Abstract:
Background: This study devises a triple immunotherapy to treat melanoma in a mouse
model. The combination includes anti-cytotoxic T-lymphocyte-associated protein 4
(CTLA4) antibodies, monophosphoryl-lipid-A (MPLA), and an indolamine-dioxygenase-1
(IDO1) inhibitor. The aim of the study is, first, to rule out any major toxic effects related to
this therapy and, second, to assess its antitumor effects.
Methods: Cancer-free C57BL/6 mice were randomized into control groups and groups
receiving single, dual, or triple therapies of the defined treatments. Clinical signs, weight
gain, and histological sections from their main organs were assessed.
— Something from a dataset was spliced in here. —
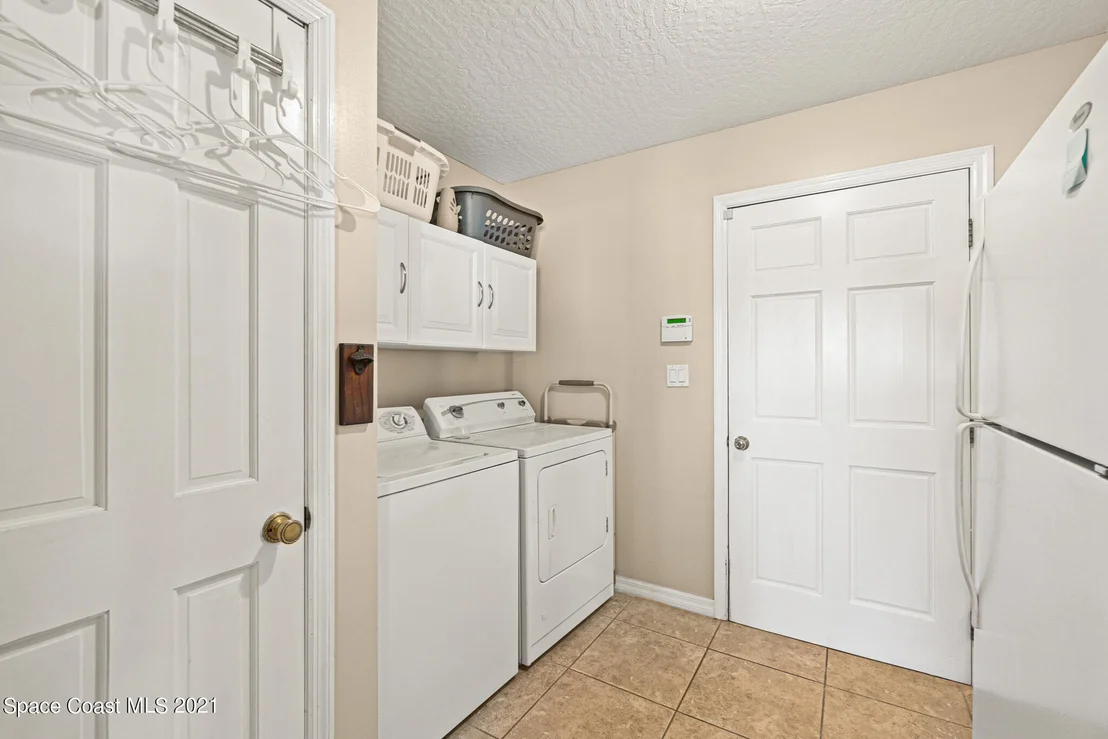Photo of 2940 Jacaranda Trail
Then, melanomabearing mice were segregated into similar groups, monitored for survival, and their tumor size was measured repeatedly. Flow cytometry was used to analyze immune cell populations in the tumor masses including CD4+, CD8+, and regulatory T cells in addition to natural killer cells. Finally, serum levels of interleukin-12 (IL-12), vascular endothelial growth factor (VEGF) and S100 calcium-binding protein B (S100B) were quantified using enzyme-linked immunosorbent assay (ELISA).
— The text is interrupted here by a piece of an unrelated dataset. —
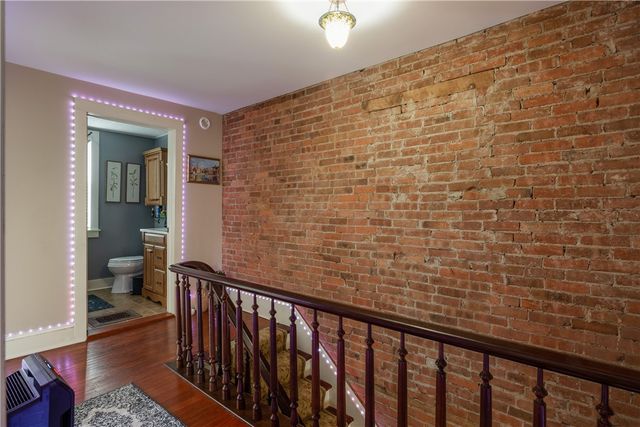 355 West Clinton Street, Elmira City, NY 14901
Results: No adverse effects were detected in any of the treated groups. Survival analysis
indicated that the groups receiving dual or triple therapies had prolonged survival compared to the controls. However, the group receiving triple therapy was the only group to show statistically significant increase in survival compared to the controls. Tumor size
progression paralleled the survival outcome. The group receiving the triple therapy showed statistically significant smaller tumor sizes compared to all the other groups throughout the whole monitoring period. Flow cytometry used to analyze immune cell populations in the tumor mass indicated that the triple immune therapy was capable of significantly enhancing the natural killer cell counts as well as the CD3+CD4+/Treg and CD3+CD8+/Treg ratios possibly enhancing the anti-tumorigenic environment. While serum levels of the tumorsuppressive IL-12 came opposed to the expected by being lowest in the group with the most favorable outcome, circulating VEGF and S100B levels were below detection level in the triple immunotherapy group through all detection time points and hence were in accordance with the survival and tumor progression results.
Conclusion: Generated data rule out any major adverse events pertaining to the triple
immunotherapy and reveal its enhanced effectiveness in thwarting tumor progression over
all other tested treatments. This outcome is mainly achieved through the enhancement of
natural killer cells and the ratios of CD4+ and CD8+ T-cells to regulatory T-cells.